Wednesday, August 19, 2015

Becoming an "Active & Proactive Patient" Educating yourself & How it can surely help when you are managing chronic illnesses and/or pain... Lupus,Heart Disease,Cancer,FM,RA,Sjogrens and so many more...

In Other Words "When Patients Manage Doctors".... or at least try to...


This is something I have practiced actively all of my adult life, and especially after have several different "ongoing chronic illnesses", and now we see a different "specialist" it seems for each and every illness, unlike when you "family doctor" did it all, done your physicals,delivered babies, done surgeries etc. I recall with my 1st son being born, my regular Family MD delivered him. Shortly thereafter, he quit delivering babies, along with many of the other family doctors. Due to the rising cost for them to have insurance being doctors, they allowed those area's to be left up to the specialists.
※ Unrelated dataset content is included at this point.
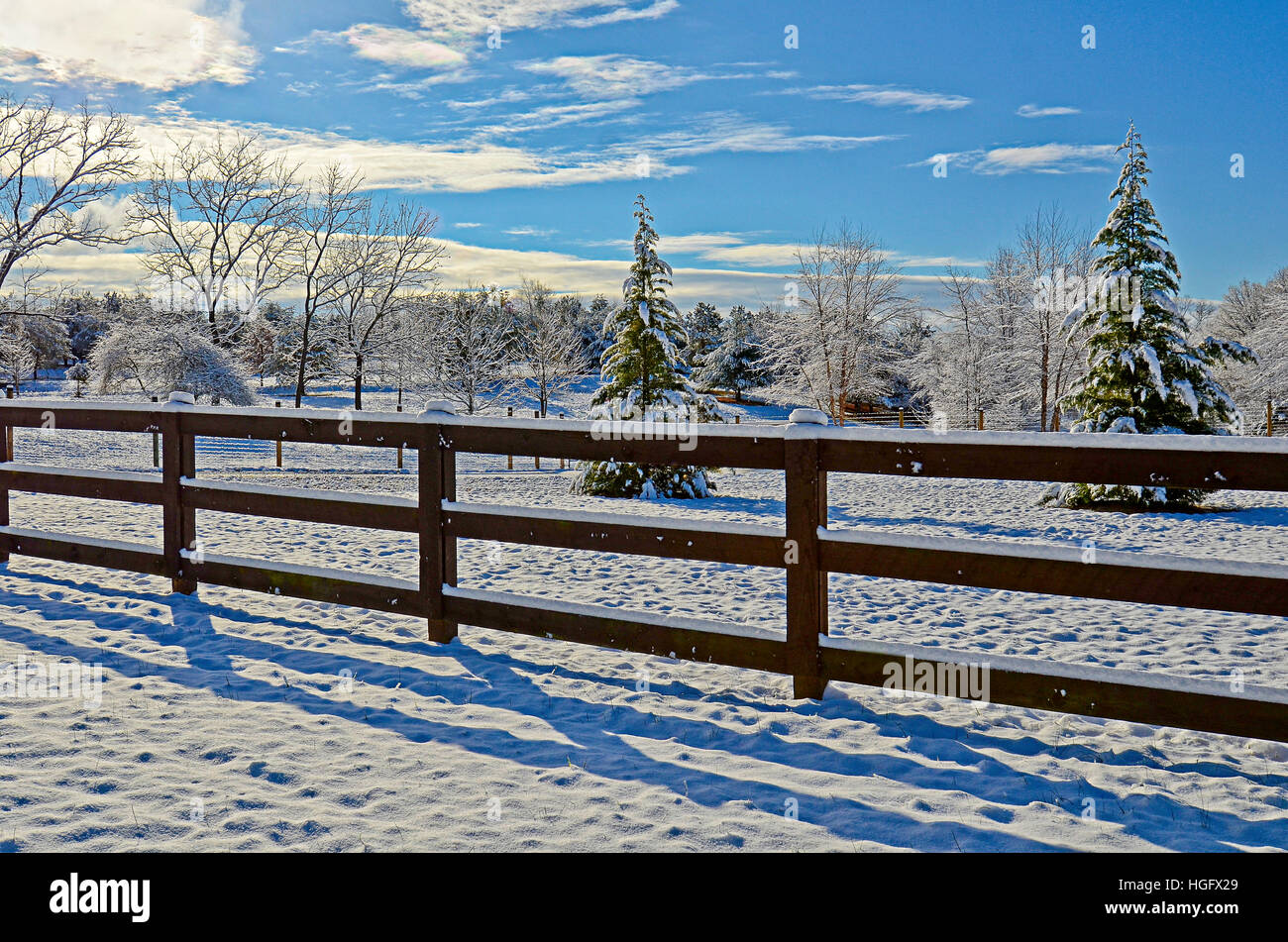 Un pâturage et clôtures dans la première neige de la saison. Banque D'Images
When you have for instance my situation, heart issues, so I need a cardiologist, Lupus, RA & several autoimmune illnesses, my Rheumatologist, and my PCP also works with me on the Lupus, I now have a specialist as far as my vision, due to the double vision, I have different surgeons, from a general surgeon, to more than one orthopedic surgeon, because many of them "specialize" in different joints, surgeries and so forth

Then many of us have a Neurologist, a Pain Management specialist, and ENT, a dermatologist, dentist, sometimes even a specialized dentist, and from time to time we may encounter other specialists, such as immunologists, psychologists, oral surgeons, and so many others, as time goes on. I found if I did not take an "active" approach to let each doctor know who the others are, what role they play in my health care, what meds I am on and from which physician, and I keep a list of all of my physicians and why I see them, along with lab work, any type of radiology reports, or scans etc... I have learned that all too often one doctor, may not even send the others the information such as labs, testing, imaging and so forth. So, being involved in your own health issues, taking charge of making sure everyone is put to speed on your other health issues... all of that is so critical for all of us, especially those who deal with chronic illnesses. Now the one problem with that, is SOME physicians, are not as "accepting" when a patient comes in with information, and so forth.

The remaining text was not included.